Mailing List Archive

Anyone familiar (or use) MultiRangeQuery?
Hi folks-

Is anyone familiar with MultiRangeQuery (found in
o.a.l.sandbox.search)? I was playing around with it recently since it
might be a good fit for a use-case I'm working on for Amazon's Product
Search engine, but it looks like it has a pretty fundamental bug in
how it works. That or I'm completely mis-understanding what the query
is meant to do.

My understanding is that this query should consider documents to be a
match if they contain a point that is found in _any_ of the ranges
represented by this query (i.e., it's a disjunction over a set of
query ranges). But... it appears that the query incorrectly considers
a document to be a match if its point matches on any single dimension
of any range (where it should be requiring all dimensions in a
particular range to match).

I added a unit test to demonstrate this bug along with a proposed fix
over here: https://github.com/apache/lucene/pull/437

If anyone is familiar with this query (or better yet, uses it), I'd be
really interested in your input.

Cheers,
-Greg

---------------------------------------------------------------------
To unsubscribe, e-mail: dev-unsubscribe@lucene.apache.org
For additional commands, e-mail: dev-help@lucene.apache.org
Re: Anyone familiar (or use) MultiRangeQuery? [ In reply to ]
I did a little git spelunking and found this PR
https://github.com/apache/lucene-solr/pull/794 where it was
introduced. It does sound to me as if the intent was to match on
multiple multi-dimensional ranges (ie hypercubes), not on any
dimension among multiple ranges? Why would anyone ever want to do
that? On the other hand a lot of people looked at it ... so maybe
we're missing something here?

On Sun, Nov 21, 2021 at 11:14 AM Greg Miller <gsmiller@gmail.com> wrote:
>
> Hi folks-
>
> Is anyone familiar with MultiRangeQuery (found in
> o.a.l.sandbox.search)? I was playing around with it recently since it
> might be a good fit for a use-case I'm working on for Amazon's Product
> Search engine, but it looks like it has a pretty fundamental bug in
> how it works. That or I'm completely mis-understanding what the query
> is meant to do.
>
> My understanding is that this query should consider documents to be a
> match if they contain a point that is found in _any_ of the ranges
> represented by this query (i.e., it's a disjunction over a set of
> query ranges). But... it appears that the query incorrectly considers
> a document to be a match if its point matches on any single dimension
> of any range (where it should be requiring all dimensions in a
> particular range to match).
>
> I added a unit test to demonstrate this bug along with a proposed fix
> over here: https://github.com/apache/lucene/pull/437
>
> If anyone is familiar with this query (or better yet, uses it), I'd be
> really interested in your input.
>
> Cheers,
> -Greg
>
> ---------------------------------------------------------------------
> To unsubscribe, e-mail: dev-unsubscribe@lucene.apache.org
> For additional commands, e-mail: dev-help@lucene.apache.org
>

---------------------------------------------------------------------
To unsubscribe, e-mail: dev-unsubscribe@lucene.apache.org
For additional commands, e-mail: dev-help@lucene.apache.org
Re: Anyone familiar (or use) MultiRangeQuery? [ In reply to ]
I think Greg is right and this query is supposed to be a
specialization for a disjunction of multiple range queries. It helps
because you need to visit the index of the BKD tree and build a bit
set once for the entire disjunction instead of once per range.

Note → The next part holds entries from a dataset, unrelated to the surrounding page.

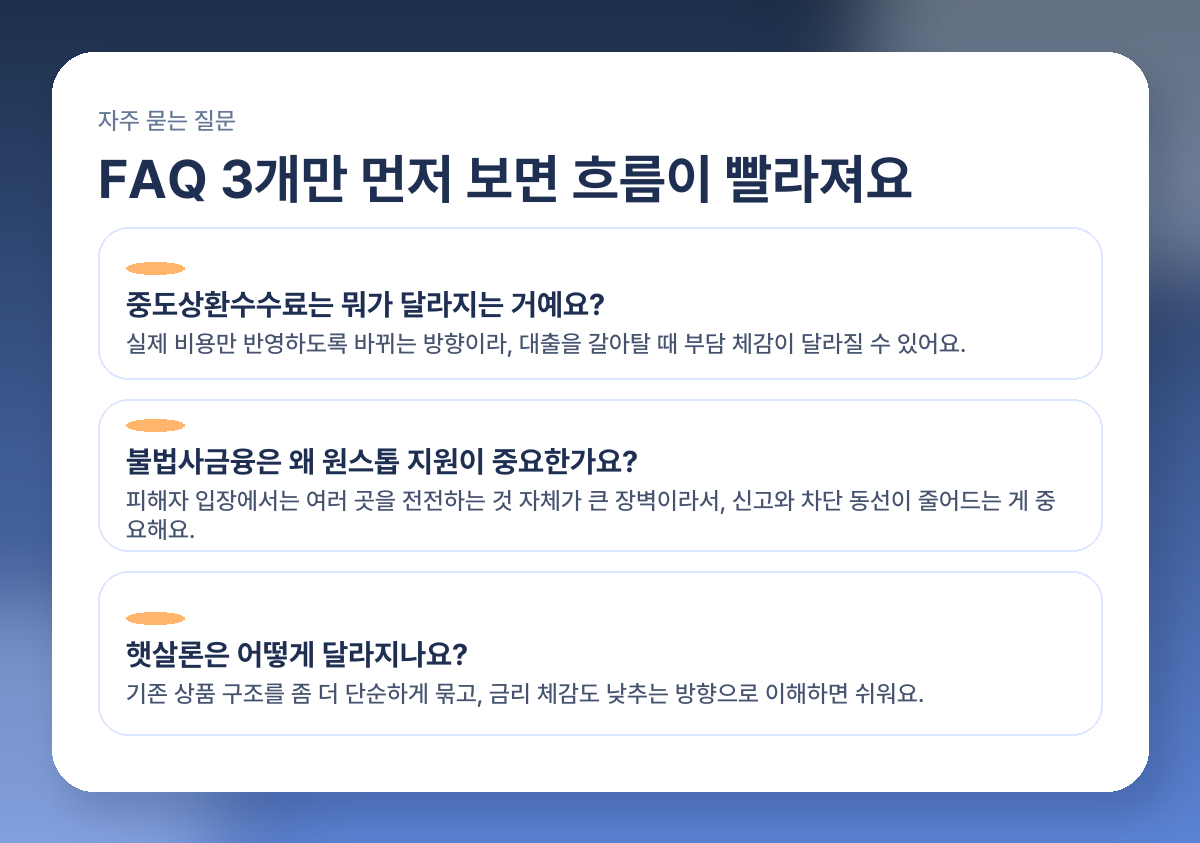 2026 금융제도 뭐가 달라지나? 중도상환수수료·불법사금융·햇살론 핵심 정리 FAQ 이미지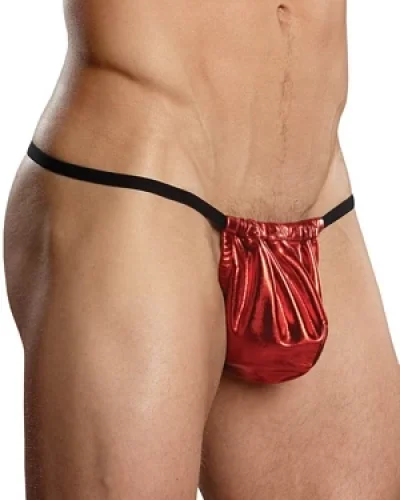 Fantazi Kımızı Lame Erkek String-Tanga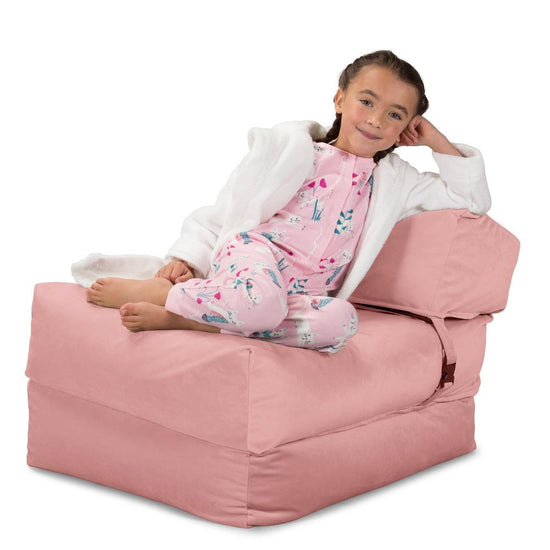 Avery - Single Futon Chair Bed, Folding Bed, Guest Bed By Lounge Pug, Velvet Rose Pink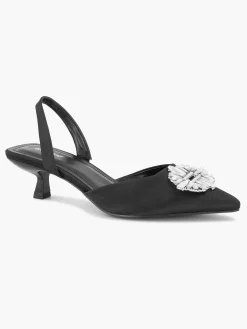 Zwarte Slingback Steentjes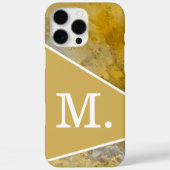Modern geel mosterdmonogram Case-Mate iPhone case (Achterkant)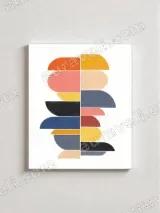 Mid - Century Modern Abstract Geometric Canvas Wall Art for Home Decor – view 2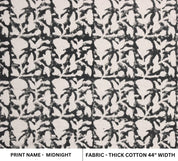 Block Printed Duck Canvas Black and Beige Floral Fabric for Cushion Covers & Sofa Decor – MIDNIGHT GUDHAL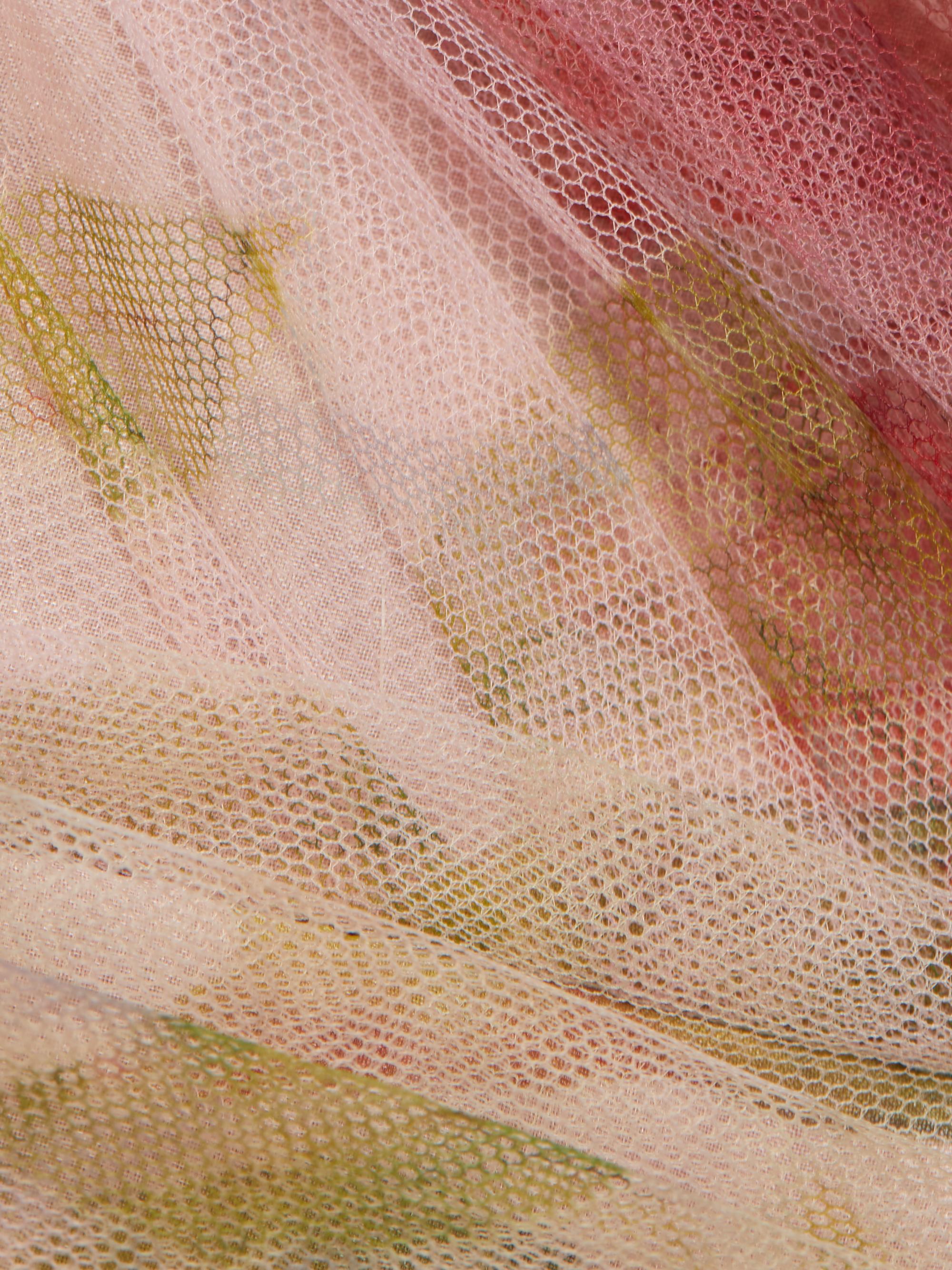 Teri Jon Organza Ruffled Rosette Gown - Blush Multi - 12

I suspect that the fact that it doesn't work with multi-dimensional
points is a bug that hasn't been found yet because it's been mostly
discussed in the context of 1D fields?

On Mon, Nov 22, 2021 at 5:13 PM Michael Sokolov <msokolov@gmail.com> wrote:
>
> I did a little git spelunking and found this PR
> https://github.com/apache/lucene-solr/pull/794 where it was
> introduced. It does sound to me as if the intent was to match on
> multiple multi-dimensional ranges (ie hypercubes), not on any
> dimension among multiple ranges? Why would anyone ever want to do
> that? On the other hand a lot of people looked at it ... so maybe
> we're missing something here?
>
> On Sun, Nov 21, 2021 at 11:14 AM Greg Miller <gsmiller@gmail.com> wrote:
> >
> > Hi folks-
> >
> > Is anyone familiar with MultiRangeQuery (found in
> > o.a.l.sandbox.search)? I was playing around with it recently since it
> > might be a good fit for a use-case I'm working on for Amazon's Product
> > Search engine, but it looks like it has a pretty fundamental bug in
> > how it works. That or I'm completely mis-understanding what the query
> > is meant to do.
> >
> > My understanding is that this query should consider documents to be a
> > match if they contain a point that is found in _any_ of the ranges
> > represented by this query (i.e., it's a disjunction over a set of
> > query ranges). But... it appears that the query incorrectly considers
> > a document to be a match if its point matches on any single dimension
> > of any range (where it should be requiring all dimensions in a
> > particular range to match).
> >
> > I added a unit test to demonstrate this bug along with a proposed fix
> > over here: https://github.com/apache/lucene/pull/437
> >
> > If anyone is familiar with this query (or better yet, uses it), I'd be
> > really interested in your input.
> >
> > Cheers,
> > -Greg
> >
> > ---------------------------------------------------------------------
> > To unsubscribe, e-mail: dev-unsubscribe@lucene.apache.org
> > For additional commands, e-mail: dev-help@lucene.apache.org
> >
>
> ---------------------------------------------------------------------
> To unsubscribe, e-mail: dev-unsubscribe@lucene.apache.org
> For additional commands, e-mail: dev-help@lucene.apache.org
>


--
Adrien

---------------------------------------------------------------------
To unsubscribe, e-mail: dev-unsubscribe@lucene.apache.org
For additional commands, e-mail: dev-help@lucene.apache.org
Re: Anyone familiar (or use) MultiRangeQuery? [ In reply to ]
Thanks everyone!

> I suspect that the fact that it doesn't work with multi-dimensional
points is a bug that hasn't been found yet because it's been mostly
discussed in the context of 1D fields?

This seems plausible. It also made me think that writing a "duel" test
that compares randomized scenarios against a disjunction of "standard"
PointRangeQueries would be a good idea, so I went ahead and added that
to my PR (https://github.com/apache/lucene/pull/437).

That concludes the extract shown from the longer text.